His thoughts on arrears figures is that they ‘may have stabilised’ with overall arrears figures at 24% [this is on principle dwelling houses], a figure that would have seemed enormous even a short enough while back… and even still. These are declining somewhat and slightly, and there’s been a ‘marginal’ decrease in those in arrears for more than one but less than two years. But he also points to the fact that:

…critically, those in the long-term over two years arrears category increased by almost 3,000 to almost 32,000 accounts, with an average arrears amount of more than €40,000.

And also that ‘more than 80,000 accounts were in arrears for more than 90 days… and [of those] more than 60,000 remain to be restructured.’

His conclusion is that:

…the evidence indicates that we still have a very deep arrears problem that is being resolved far too slowly at a time when the gates have opened to potential repossession.

And he argues that write-downs are ‘sporadic and confidential’ while ‘it is open to question how sustainable a number of restructured mortgages will be over time’.

I’ve noted previously that one major problem is what happens when interest rates go up – and the question arose as to why they would. There appears to be a general consensus amongst those that are observers in the area that they inevitably will over the next number of years if only because they are at historically low levels. Obviously for those already in trouble this is bad news further exacerbating their woes, but for an halo of others who are just about getting by now this is deeply problematic as they see their mortgages slip into arrears.

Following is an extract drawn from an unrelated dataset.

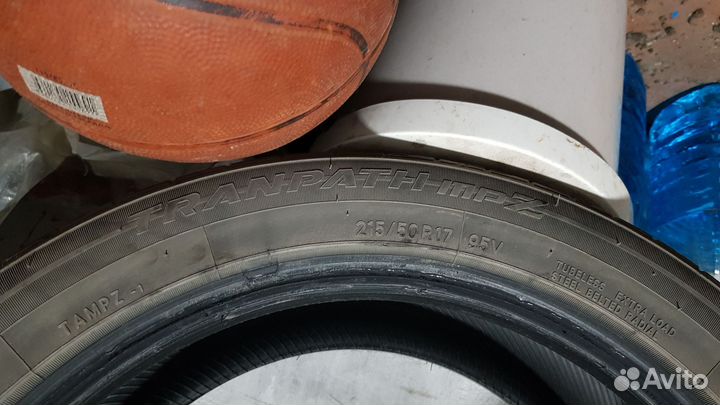 Toyo Tranpath MPZ 215/50 R17 95V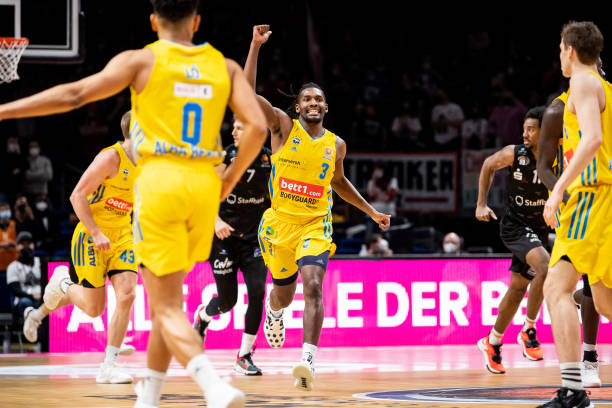 的首回合交 的首回合交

Finally, Joyce makes a counter-argument to those who argue that many of these problems were self-induced.

With 90,000 plus households awaiting social housing and mortgage-rent schemes that have only delivered a small number of results of of a far larger number of applications, a spate of repossessions would neither be advisable nor fair to the many who borrowed to buy family homes, as they were encouraged to by both lenders and government.

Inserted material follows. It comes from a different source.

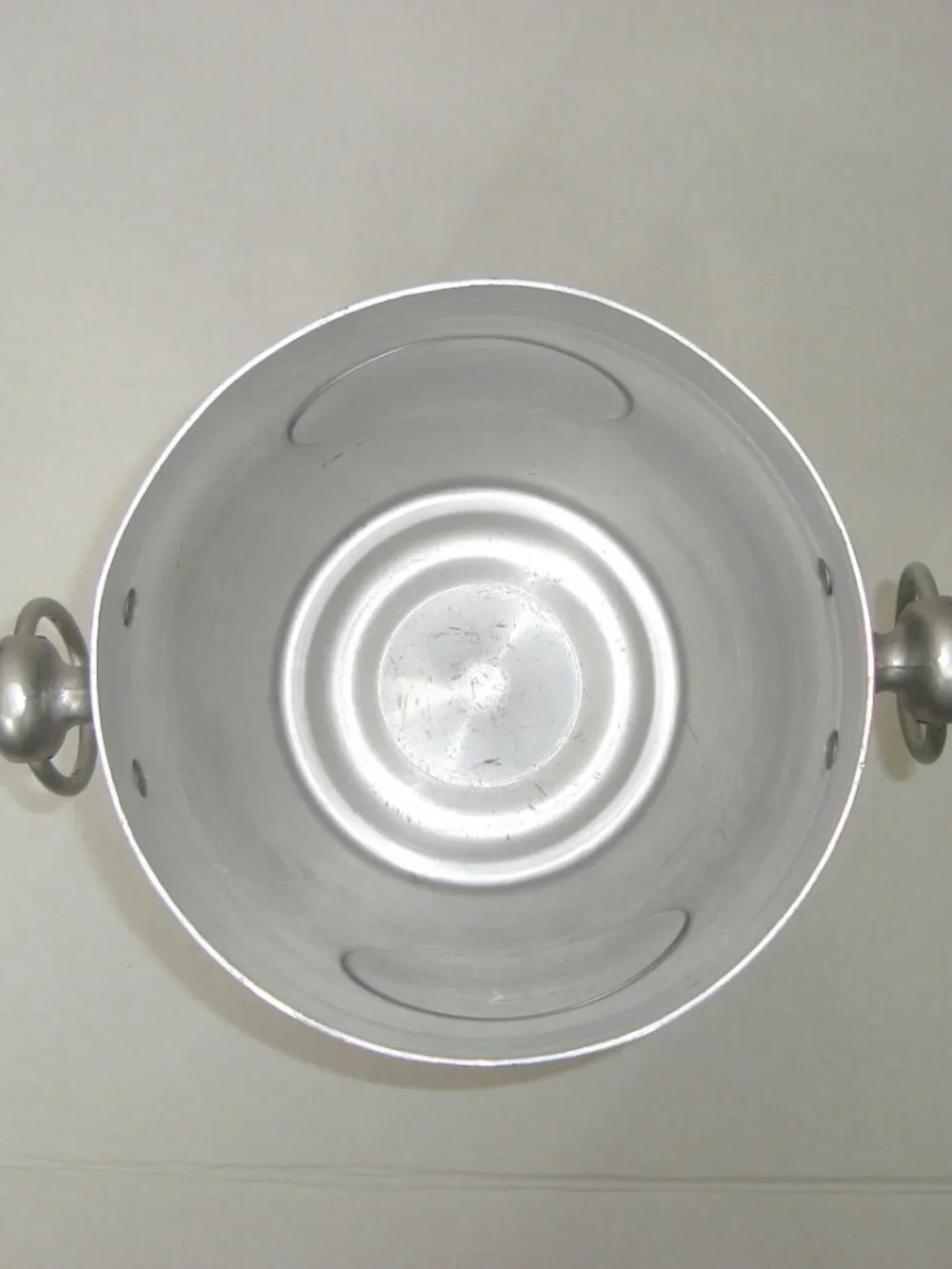 Vintage Chandon White Star Champagne Bucket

That last is central. I was a bystander to all these processes in the 2000s, watching almost unbelieving as the market heat intensified, advertising to prospective borrowers became ever more extravagant and baroque (remember the adverts directed at those who had their own houses so that they could ‘unlock’ the value in order to assist their offspring to purchase houses?) and as government wasn’t so much asleep at the wheel but was collusive in a process that seemed uniquely designed to prise away as much money [mostly] from those with less than was necessary to sink present and future capital into property, and all this whipped along by an equally collusive media for whom the good times could never end, for whom every scrap of a house on a stamp sized portion of land was a ‘great investment’. There’s been so much written about this, but I can think only of how in Raheny and Kilbarrack strangely shaped houses would spring up on any spare piece of land, the corners of new houses tapering away in improbably acute angles.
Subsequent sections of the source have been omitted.